Just a few tips and short cuts to using stock photos.

Stock photography is great for presenting information to your customers. Stock photography has a number of alternate names including picture libraries, photo archives or image banks. Typically, in order to use these pictures, although publicly available, there is a small fee for usage rights.

You can save time by using stock photography to enhance newsletters, blogs, advertisements and brochures. Using stock photography is obviously less expensive than having a full time photographer on staff.

Sometimes full rights and usage is available for purchase. Other times, full rights are limited. In those cases, photographers might require that they receive a certain percentage of sales and or royalties of usage. Agencies usually hold the images on files and negotiate fees. With technology and easy access that the internet provides, negotiations are generally quick and easy.

The cost of using stock photos depends on how long the pictures will be used, what location the images will be used, if the original photographer wants royalties and how many people the photo will be distributed to or seen by. Of course, prices for stock photography vary.

There are several different pricing arrangements. Royalty free stock photography allows the buyer to use photographs multiple times in multiple ways. When you buy royalty free pictures, there is only a one-time charge for unlimited usage. When the images you purchase have a royalty free section, the agency is able to resell the image to others. If an image is rights managed, there is a negotiated price for each time that it is used.

Sometimes a buyer of stock photography might desire to have exclusive rights to the images. In that case, no one else will be able to use the pictures once exclusive rights have been purchased. It may cost thousands of dollars to purchase exclusive rights because agencies who handle the sales have to make sure that they are making a profitable sale. If a photograph would make more money staying in circulation, they would lose out selling exclusive rights.
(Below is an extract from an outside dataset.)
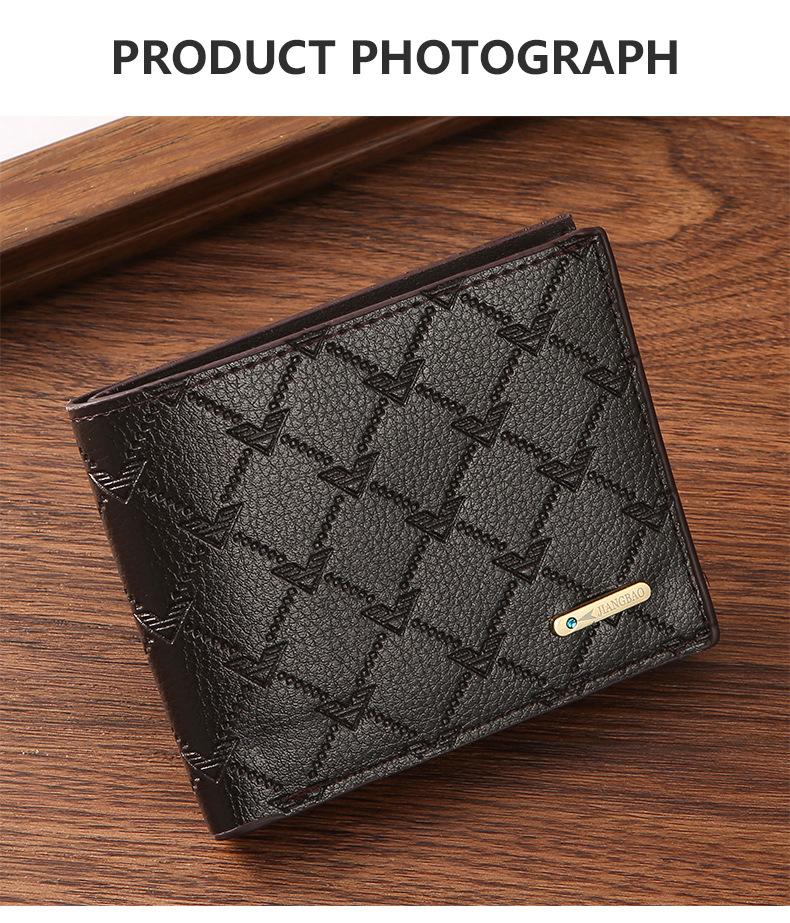 PU coin wallet, card bag, men's wallet, short style, trendy print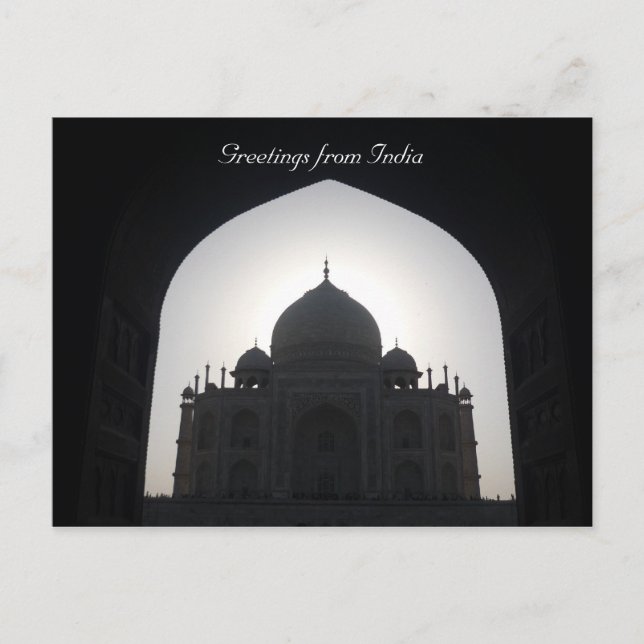 Cartão Postal sombra do taj mahal (Frente)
Stock photographers sometimes work with agencies producing images for them alone. Different subjects and categories might need multiple varieties of images. Sometimes contributors work for multiple agencies selling their photographs for a fee. They work out arrangements for royalties or they sell their shots for full rights. This has proved to be a big business for photographers around the world.

Stock photography started in the early 1920s. It especially grew as its own specialty by the 1980s. Galleries hold hundreds, thousands and even millions of pictures available for purchase. Stock houses sprung up in many different places. By 2000, online stock photography became microstock photography, which we call photo archives online. Companies like istock photo and bigstock photo offer you the opportunity to purchase so many pictures and when you use them up you can add more credits for another fee. Photos that are distributed online are typically less expensive than those that are sold hard copy.

Though I appreciate and enjoy the arts, finances do not allow a budget for professional photography so I use photos that I have taken with my cell phone.  These photos are mine and I do not need permissions to use them.  Google's Picasa allows me to place a watermark on my photos before I share them.  
As a small business owner I find using my cell phone photos and placing the watermark on them to be the easiest and most economical way to have photos readily available for use.  If you happen to have the opportunity to do so, please support the many fantastic photographers that have made their photos available.